Asian TV and Rethinking Whiteness as Default

By Charlotte Stevens on March 5th, 2021


This blog post uses the year’s Alternativity theme as a starting point for an upcoming discussion for the Screen Cultures cluster’s ‘year in screens’ seminar week.

Since late 2018 the vast majority of my TV viewing has been Chinese and Korean serial dramas. This personal media consumption is a form of alternative experience to the default and dominant culture of my upbringing and current situation, since I am white and North American, and these series are not part of my family’s viewing or cultural history. However, I am acutely conscious that it is not an ‘alternative’ for viewers in China, South Korea, or (perhaps) their respective diasporas. From what I can gather based on paratexts and the fragments of celebrity culture that filter through to English-language social media, many of these series are profoundly mainstream programmes. Indeed, there is a cute but revelatory moment in the Korean series Tale of the Nine-Tailed (2020) when the protagonist says his hobby is watching ‘American dramas’, framing an interest in a foreign media culture as a quirky hobby. Touché. 

My viewing habits started to change in late 2018 when some friends watched and loved one hugely popular Chinese adaptation of a web novel (Guardian, 2018), and I followed them into exploring streaming platforms, celebrity cultures, and narrative formats that had hitherto been beyond my experience. These days my Netflix algorithm shows me very little material that isn’t produced in Asia – it has clearly given up on asking me to watch UK-based or other Anglophone media. (As a further point re: Alternativity, I cannot recall the last time I watched something broadcast, rather than on-demand.)

I am enjoying these programmes for a few reasons. Chief among these is a solid standard for good acting and plotting, some astonishingly high budgets, and the pleasures of encountering familiar tropes and learning new ones across a range of genres. In the series I’ve watched, there is often an attention to telling stories in genre, without needing to be cynically clever about it; the repetition with variation at the core of genre seems to be embraced rather than taken as an embarrassment to be subverted. It is also not difficult to find female protagonists, especially in the more romcom-leaning series, though not exclusively. 

These programmes also offer a satisfying depth and breadth of storytelling. The Korean programmes will have 16-20 episodes of about an hour each, whereas the Chinese series tend to be a single coherent run of up to 60 episodes (though shorter, typically 40-45 minutes each). It also seems rare for a second (or third) series to be commissioned, meaning these are serial narratives moving toward a definite end, offering the pleasure of investing in a complete story. This distinguishes them from American series where the story which may just end rather than conclude depending on season renewals, and offer more scope for character development and narrative complexity over a standard British ‘quality’ 6-episode series. It is also interesting to reflect that I feel a need to develop a complex defence here in order to overcome a reflexive orientalist view of ‘foreign = lesser’ that shaped my initial expectations.

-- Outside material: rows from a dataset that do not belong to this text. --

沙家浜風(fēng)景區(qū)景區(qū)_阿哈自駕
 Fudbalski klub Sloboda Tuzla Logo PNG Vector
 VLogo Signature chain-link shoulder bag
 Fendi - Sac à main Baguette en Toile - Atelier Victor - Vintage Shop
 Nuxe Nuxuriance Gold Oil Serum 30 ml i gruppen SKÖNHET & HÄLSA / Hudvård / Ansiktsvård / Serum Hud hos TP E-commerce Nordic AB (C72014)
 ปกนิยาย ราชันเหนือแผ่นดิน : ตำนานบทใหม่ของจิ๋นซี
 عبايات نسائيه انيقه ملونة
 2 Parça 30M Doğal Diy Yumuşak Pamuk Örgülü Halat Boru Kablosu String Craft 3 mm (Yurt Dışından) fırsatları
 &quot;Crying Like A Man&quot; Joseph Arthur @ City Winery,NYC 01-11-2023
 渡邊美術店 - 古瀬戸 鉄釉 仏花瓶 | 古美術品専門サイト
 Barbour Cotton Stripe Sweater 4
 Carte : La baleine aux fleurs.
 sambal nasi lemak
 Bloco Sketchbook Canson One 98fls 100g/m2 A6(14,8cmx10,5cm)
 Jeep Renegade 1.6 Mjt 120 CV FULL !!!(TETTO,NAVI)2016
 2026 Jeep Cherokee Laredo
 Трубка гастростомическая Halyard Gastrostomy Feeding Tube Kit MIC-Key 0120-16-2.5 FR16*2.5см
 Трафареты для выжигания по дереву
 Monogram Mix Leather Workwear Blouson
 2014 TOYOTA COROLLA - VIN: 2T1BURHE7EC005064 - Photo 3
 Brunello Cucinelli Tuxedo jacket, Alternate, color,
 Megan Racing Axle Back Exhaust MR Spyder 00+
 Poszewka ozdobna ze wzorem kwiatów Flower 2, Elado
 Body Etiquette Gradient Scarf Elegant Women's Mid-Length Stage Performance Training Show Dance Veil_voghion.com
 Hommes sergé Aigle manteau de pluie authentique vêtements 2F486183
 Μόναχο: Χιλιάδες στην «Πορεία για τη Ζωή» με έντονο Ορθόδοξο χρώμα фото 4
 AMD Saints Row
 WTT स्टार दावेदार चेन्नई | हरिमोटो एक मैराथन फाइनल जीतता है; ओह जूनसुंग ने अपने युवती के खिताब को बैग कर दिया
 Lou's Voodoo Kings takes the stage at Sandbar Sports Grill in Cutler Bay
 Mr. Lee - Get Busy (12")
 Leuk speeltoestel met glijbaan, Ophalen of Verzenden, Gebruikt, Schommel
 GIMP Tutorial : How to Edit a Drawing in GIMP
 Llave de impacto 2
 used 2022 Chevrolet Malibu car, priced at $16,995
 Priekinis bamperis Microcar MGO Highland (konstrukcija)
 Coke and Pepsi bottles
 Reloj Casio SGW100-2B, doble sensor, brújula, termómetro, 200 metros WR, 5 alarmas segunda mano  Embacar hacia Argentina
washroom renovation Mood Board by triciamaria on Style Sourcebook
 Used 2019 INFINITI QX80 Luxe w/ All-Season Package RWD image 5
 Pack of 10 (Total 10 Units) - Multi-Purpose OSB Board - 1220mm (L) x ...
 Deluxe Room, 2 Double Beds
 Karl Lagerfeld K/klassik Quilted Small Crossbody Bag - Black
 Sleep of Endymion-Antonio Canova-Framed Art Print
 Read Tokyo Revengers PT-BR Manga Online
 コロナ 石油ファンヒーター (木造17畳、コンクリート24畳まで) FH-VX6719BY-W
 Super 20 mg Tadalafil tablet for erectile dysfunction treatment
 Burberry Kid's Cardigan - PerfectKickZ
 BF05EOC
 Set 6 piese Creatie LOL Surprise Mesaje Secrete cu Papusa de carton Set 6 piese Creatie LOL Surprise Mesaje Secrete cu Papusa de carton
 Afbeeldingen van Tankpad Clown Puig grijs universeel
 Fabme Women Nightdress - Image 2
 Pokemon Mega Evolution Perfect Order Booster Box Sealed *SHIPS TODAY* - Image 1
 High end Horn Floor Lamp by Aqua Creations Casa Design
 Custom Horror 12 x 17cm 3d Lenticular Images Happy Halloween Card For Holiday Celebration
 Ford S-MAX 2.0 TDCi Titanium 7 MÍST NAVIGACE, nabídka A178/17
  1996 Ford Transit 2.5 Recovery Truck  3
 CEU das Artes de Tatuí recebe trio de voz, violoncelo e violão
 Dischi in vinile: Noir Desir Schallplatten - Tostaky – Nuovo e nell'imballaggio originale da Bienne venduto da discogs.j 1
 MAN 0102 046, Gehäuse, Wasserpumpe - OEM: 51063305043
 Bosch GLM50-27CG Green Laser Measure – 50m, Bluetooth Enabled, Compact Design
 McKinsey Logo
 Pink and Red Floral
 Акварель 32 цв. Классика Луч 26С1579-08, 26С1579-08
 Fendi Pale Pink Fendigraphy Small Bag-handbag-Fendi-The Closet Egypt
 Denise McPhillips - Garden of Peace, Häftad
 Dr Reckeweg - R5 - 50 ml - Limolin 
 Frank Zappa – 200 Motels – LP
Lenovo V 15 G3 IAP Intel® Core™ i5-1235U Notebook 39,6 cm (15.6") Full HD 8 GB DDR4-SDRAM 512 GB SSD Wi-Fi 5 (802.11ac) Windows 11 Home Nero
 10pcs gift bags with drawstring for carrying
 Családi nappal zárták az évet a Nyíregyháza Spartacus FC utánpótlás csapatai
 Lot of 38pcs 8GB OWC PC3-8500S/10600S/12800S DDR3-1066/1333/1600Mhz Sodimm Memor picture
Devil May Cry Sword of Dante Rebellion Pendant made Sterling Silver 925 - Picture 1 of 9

This has also been an opportunity to reflect on the default of whiteness in my media exposure, and experiences that regularly position minority representation in European and North American media as a niche interest or special concern. As a media scholar and science fiction nerd I am passingly familiar with anime but I haven’t had a huge exposure to Asian media despite a few (token?) weeks in undergraduate courses. It has been interesting to learn about elements of Chinese and Korean culture and history that give context to what I’m watching – everything from folklore through ideologies. I have also been doing personal work to decolonise the way I speak about this experience: this has not been a journey of discovery, I have not been exploring new Netflix categories (these being metaphors with colonial implications), but perhaps finding my way though. 

What started as a bit of fun has inevitably bled into classroom practice. While I’d never argue that consuming entertainment TV is a shortcut to cultural sensitivity, I hope that I’m working to be a better tutor for our international students. Also, I’ve started to use Korean TV in teaching fandom studies; namely Her Private Life (2019) a series about a k-pop fan which comments on age divides in fandom, fan labour, and appropriate ways of being a fan. Feedback on the latter was positive! 

I could have stopped with just watching Guardian, and taking its budget limitations as indicative of an entire culture’s media production, but buoyed up by friends’ recommendations, I watched other series to learn how genres and tropes function in this space where I am an outsider. It had been so long since I felt excited about watching television – bored by American/UK offerings, tired of productions that seemed to hold their audiences in contempt, looking for an escape from the juggernaut of Marvel fandom – that I wholeheartedly opened myself to these new experiences. Throughout 2019 it was fun to be excited about television again, and find new fandoms; throughout 2020 I was grateful for new and renewed friendships oriented around a shared consumption of these series.